The earlier edition were more or less the static 'gun in one hand, powerfist in other' terminators, similar to what you get in the Assault on Black Reach set. They were nothing special at all.

The 3rd edition Space Hulk terminators are nothing short of gorgeous, but pricey if you're not going to play the game as well.

On a side note, I got (and resold already, sorry) 3rd ed Space Hulk, and although the models were beautiful and the components were very well made, I have to say that I didn't care for the game mechanics. Which direction you're facing, and who's in front of who, matters way too much for my taste. That's the sort of thing that should matter when you're driving tanks, not when you're walking around a space ship.


----------



## InkedDnA (Jul 8, 2011)

That was the main Con that I was coming across. The game mechanics just weren't as great as they could be. Knocking SM's down in corridors and what not. I would honestly, maybe play the game once or twice. Just want the 3rd edition for the models, as they are probably the most bad ass termies on the market right now


----------



## darklove (May 7, 2008)

I love 3rd ed.

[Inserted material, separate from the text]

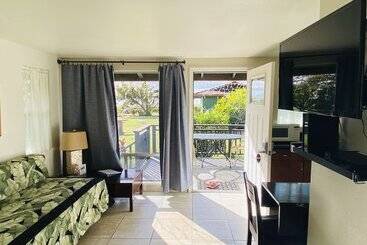 בית מלון כפרי Nona Lani Cottages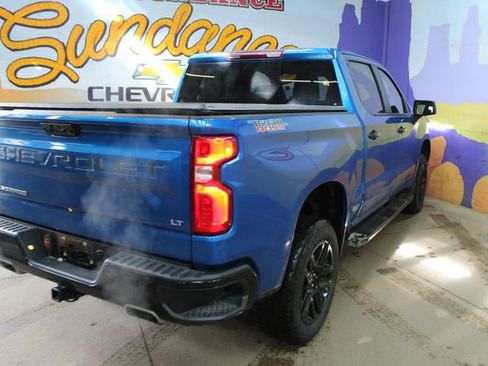 Used 2023 Chevrolet Silverado 1500 LT Trail Boss w/ LPO, Dark Essentials Package image 8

Space Hulk. All the components are top quality. I have three complete sets (two still in the original shrink wrap). If you can find, and can afford, then go for it.


----------



## InkedDnA (Jul 8, 2011)

Just out of curiousty, you wouldn't happen to be interested in selling one of those would ya?


----------



## InkedDnA (Jul 8, 2011)

I can't seem to find a solid price on one :/ They range from $300 () to $100. Can anyone give me a more accurate price?


----------



## darklove (May 7, 2008)

300% increase in value over 3 years = I'm hanging on to mine a while longer yet 

Also, I have not discounted the possibility of combining all three sets for a *massive* game of Space Hulk!


----------



## bitsandkits (Mar 18, 2008)

if you can get a set for $100 you should snap it up, i wouldnt sell any of mine for that low a price


----------



## Unforgiven302 (Oct 20, 2008)

The models alone are worth it, especially if you play marines and or tyranids. All the models are exceptionally good. The game is also fun to play, so picking up a complete set is worth the price in my book.


----------



## InkedDnA (Jul 8, 2011)

I think the lowest I saw was $109. Guessing I should buy it considering the value of the game has increased so much over the past few years. I couldn't imagine spending any more than $200-$250 max. I guess the models speak for themselves though....Well worth it I am guessing.


----------



## jaysen (Jul 7, 2011)

You can almost make a regular batch of terminators into them yourself with a little creative xacto and greenstuff work. You can also use bits from csm terminators, such as the chains. I bought the game, but it was mostly for the game. The main things I don't like about the terminators are 1. there shoulder pads aren't correct iconography according to the codex 2. the weapons selection isn't correct for a squad of terminators. The poses can be mimic'd and the forgeworld shoulderpads are better. It's definitely worth $150 for the terminators, and probably more as a collector's piece. I wouldn't spend $200+ just for the terminator models though.


----------



## InkedDnA (Jul 8, 2011)

Would the prices vary much if I were to mimic the Space Hulk Termies instead of buying the insanely expensive Board game? I mean buying bits and searching seems like it would be a hassle instead of just buying the actual termies, and they would collectable as opposed to converting my own which would be more time consuming and tedious. My mind is tooorrnn!! lol


----------



## Unforgiven302 (Oct 20, 2008)

You can copy the models as much as you like or are able to, but in the end, the limited release space hulk models are unique and well, limited. If you can get your hands on a complete space hulk game for around $150 - $200, do it.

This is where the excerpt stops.